I felt a smile creeping over my face, and I looked away. “Oh, you've already helped me, more than you know.”

Austin sat up taller beside me, bolstered by the comment I'd almost kept to myself. “Really?”

“Really.”

The room became silent again, though it wasn't uncomfortable. Our thoughts thickened the air as we both muddled through what we'd learned about each other. Though it was hard to judge what the content and pensive look on Austin's face meant, my head was swimming with all the times that Austin had chosen to talk to me, even when I was just some weird, antisocial girl who happened to be in the same rec center class as he was.
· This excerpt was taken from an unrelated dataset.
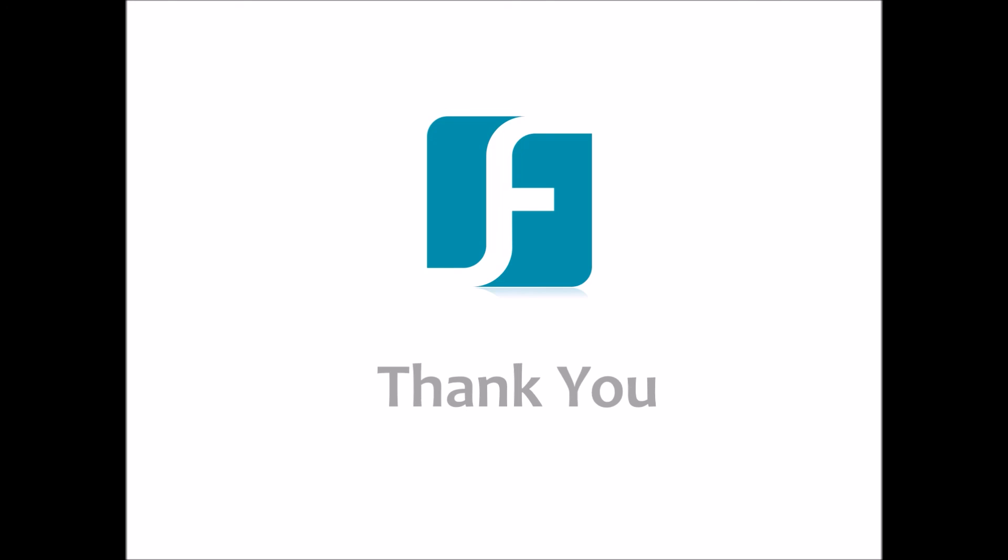Thank you for watching. Remember to check out our other how-to videos through the EverFocus website or YouTube channel.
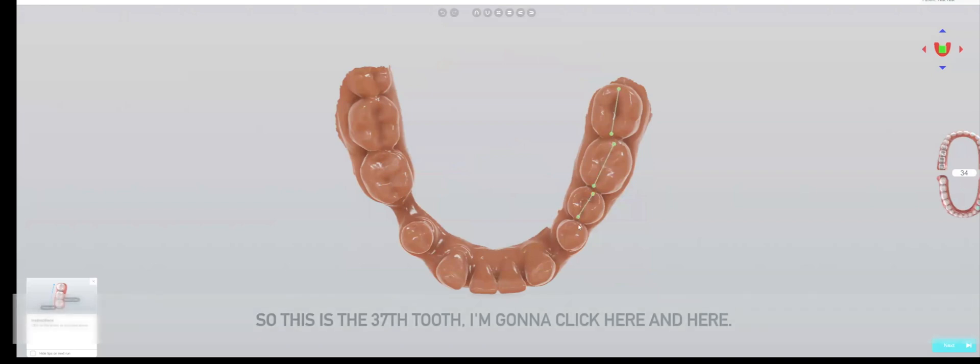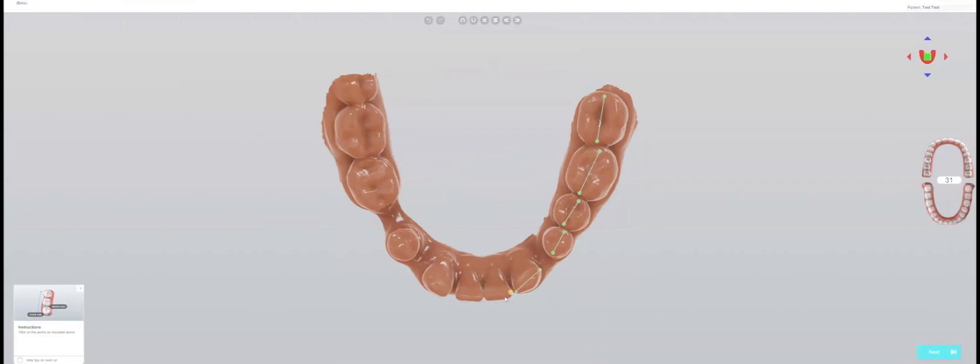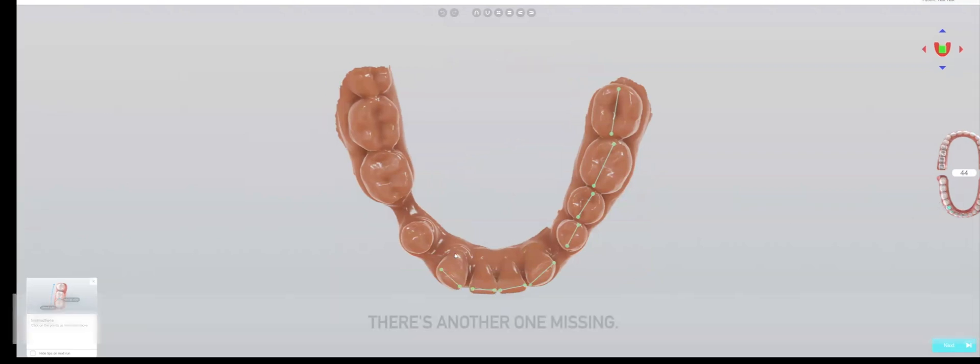This manual step is required to help the software understand where the teeth are located, what their extents are, and also their orientations. I can see that one tooth is missing here, so I'm going to skip over one. There's another one missing, and another one.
I thought of all the conversations, and of how quickly my memories had been coming back since I'd met him. I knew some of my success was certainly due to my newfound journalling hobby—but I also knew much of it probably had to do with Austin himself.
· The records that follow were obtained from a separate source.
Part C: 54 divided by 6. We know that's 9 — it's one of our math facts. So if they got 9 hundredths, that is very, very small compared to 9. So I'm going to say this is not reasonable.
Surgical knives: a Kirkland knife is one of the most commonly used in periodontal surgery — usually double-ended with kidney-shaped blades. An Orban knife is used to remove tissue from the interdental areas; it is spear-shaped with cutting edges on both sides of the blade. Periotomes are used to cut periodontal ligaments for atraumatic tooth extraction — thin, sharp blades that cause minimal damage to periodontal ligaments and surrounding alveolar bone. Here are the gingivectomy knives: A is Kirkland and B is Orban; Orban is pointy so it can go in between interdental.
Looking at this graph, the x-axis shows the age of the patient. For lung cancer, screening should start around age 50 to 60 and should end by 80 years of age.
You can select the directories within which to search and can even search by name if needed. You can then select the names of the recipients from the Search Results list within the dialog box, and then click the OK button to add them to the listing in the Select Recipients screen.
Then I thought about how much I'd like to kiss him again. My heart leapt into my throat as I thought about how badly I wanted him to know how I felt about him, even as my stomach churned at the thought.
Honesty is almost always the best policy,
Ms. Orowitz had said
...

“I have something else I want to tell you.” I finally broke the silence.
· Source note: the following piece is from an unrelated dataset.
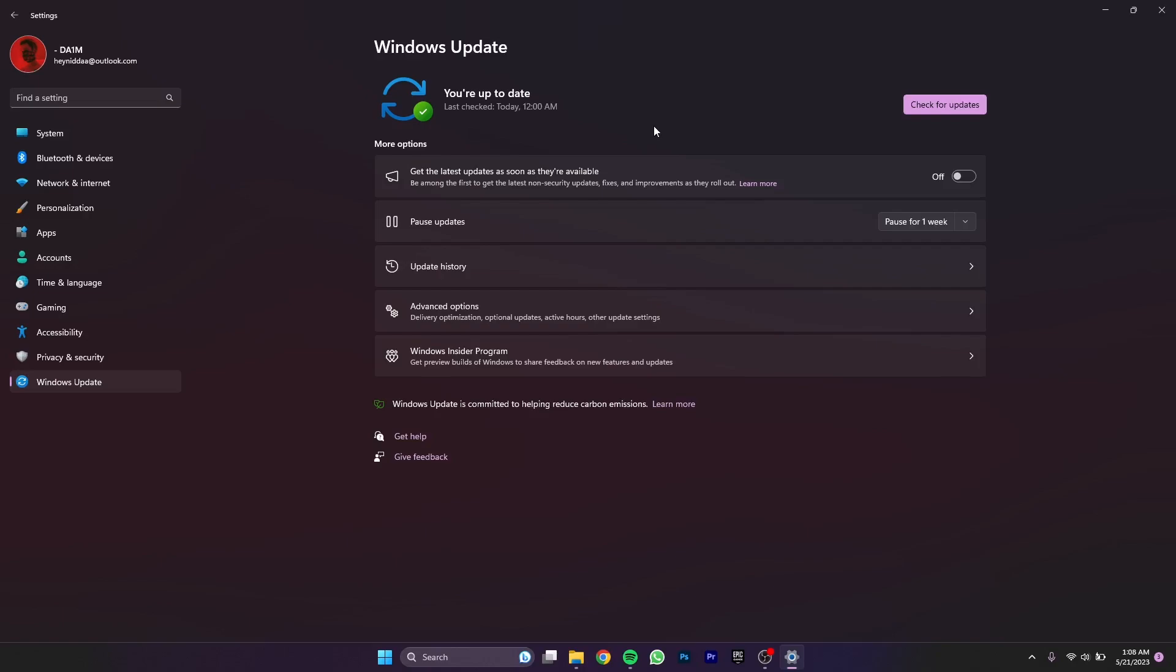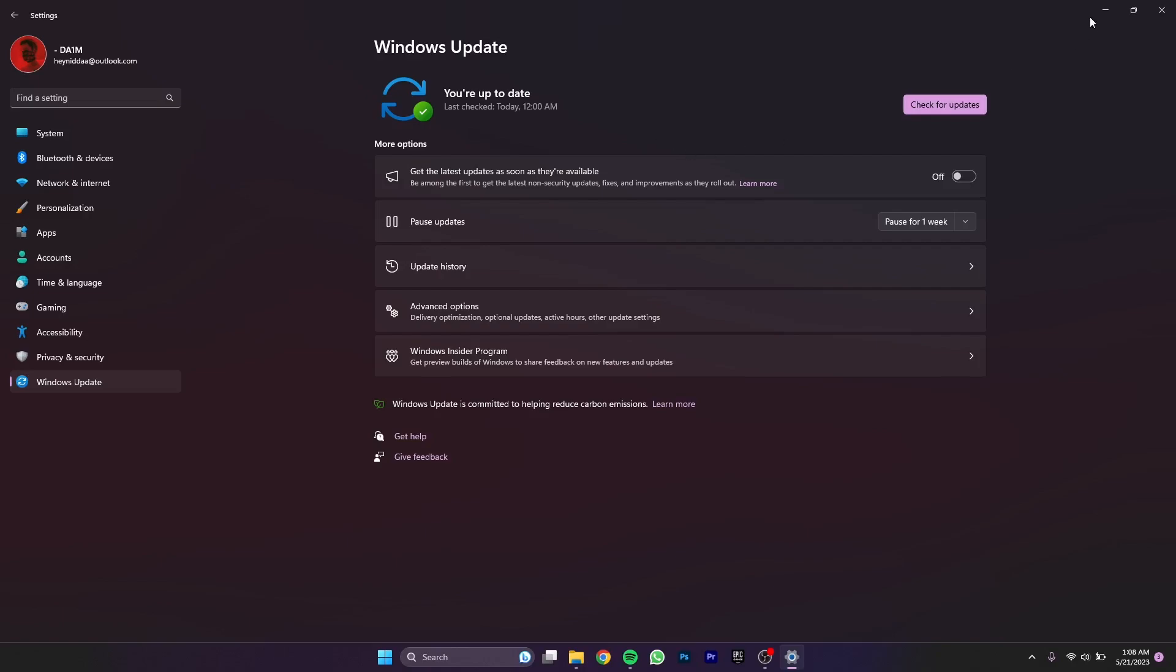Just update your Windows 11 and you'll be able to literally play games lag-free. And yeah, that's it.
“You can tell me anything.”

I took a deep breath—it was now or never.
Here it goes.

“Okay. Well...the first day I met you, in our painting class...I'd already known who you were.”

“You did?” Austin looked as if I were the one telling jokes now. He didn't understand, but he would.

“I saw you on the bus one day when I was bringing home some groceries for my mom. You were sketching in your book, and I thought it was just so fascinating how you got so lost in what you were doing. Honestly...” --
there was that word again
, I thought. I struggled with the lump in my throat and to control the heat in my face. “Honestly, I was a little jealous, because that used to be me being so into creating something. You know, before I started to forget things.

That day, I bought some paintbrushes from the store too, even though it had been forever since I'd really tried to paint anything. I didn't even want to use them...looking at them kind of made me feel like a failure, actually,” I admitted. “They reminded me of how long it had been since I gave up on something I loved.”

“I know the feeling,” Austin agreed gently.

“But here you were, an animated person full of creative energy in a bus full of zombies who didn't even know why they existed anymore. And it...you inspired me.” I looked down again—it was so much easier to talk to him when I wasn't looking at him. It was so easy talking to him in the painting class because for the first couple hours of our friendship, I hadn't gotten a chance to really look at him. I didn't get the opportunity to see the sincerity and kindness in Austin's face.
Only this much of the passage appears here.